Os meios de comunicação devem se precaver contra os que querem usá-los para inspirar ações de ódio ou para incentivar a islamofobia. Devem fazer o possível para baixar a temperatura política e evitar dar cobertura a tratamentos abusivos ou ações de discriminação contra comunidades muçulmanas.
Uma nova era de comunicações públicas
Vivemos uma época de um jornalismo refletido, quando todos os profissionais da mídia e mesmo aqueles pretensos jornalistas de fora das redações precisam pensar cuidadosamente sobre as consequências daquilo que escrevem e das imagens que mostram.
Os colegas que morreram na redação do Charlie Hebdo não eram defensores da violência ou do ódio. Na verdade, o semanário sempre utilizou sua energia criativa para mostrar que as posições políticas podem e devem ser debatidas numa plataforma em que o respeito pelo pluralismo signifique que todas as opiniões – mesmo aquelas com que discordamos intensamente – têm o direito de ser ouvidas e ninguém – acima de tudo os que negociam assassinato e barbárie – tem o direito de dizer o contrário.
Mas nunca devemos esquecer que cada país tem seus próprios limites para a liberdade de expressão. Como destacou o jornalista e escritor Gary Younge escrevendo no jornal The Guardian um ano atrás, no contexto do Charlie Hebdo a questão da liberdade de expressão é complexa. A França, com todas as suas tradições de liberdade, foi o país em que, em 2005, o jornal Le Monde foi considerado culpado de “difamação racista” contra Israel e o povo judeu. Em 2008, um cartunista do Charlie Hebdo foi demitido depois que se recusou a pedir desculpas por fazer observações antissemitas numa coluna. E dois anos antes do jornal Jyllands Posten publicar, em 2005, as caricaturas de Maomé, ele recusou uns desenhos que sugeriam uma abordagem pouco séria da ressurreição de Cristo por medo que “provocassem uma indignação”.

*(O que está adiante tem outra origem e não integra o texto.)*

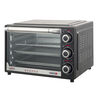 Horno Eléctrico Sindelen HE-300NG 30 lts.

Longe de ser “sagrada”, a liberdade de expressão é sempre imprevisível, argumenta Gary Younge. Todas as sociedades estabelecem limites. Estes, muitas vezes são imprecisos e mudam constantemente. Existe um debate contínuo sobre o que constitui padrões aceitáveis do discurso público quando se trata de suscetibilidades culturais, raciais e religiosas. É por isso que a Ethical Journalism Network vai lançar, em 2017, uma nova campanha para promover a liberdade de expressão através de comunicações éticas e baseadas em valores.
O jornalismo tem seus próprios princípios fundamentais, que abrangem exatidão, lealdade, humanidade, independência e transparência e estes podem fornecer uma base para uma nova era de comunicações públicas respeitosas.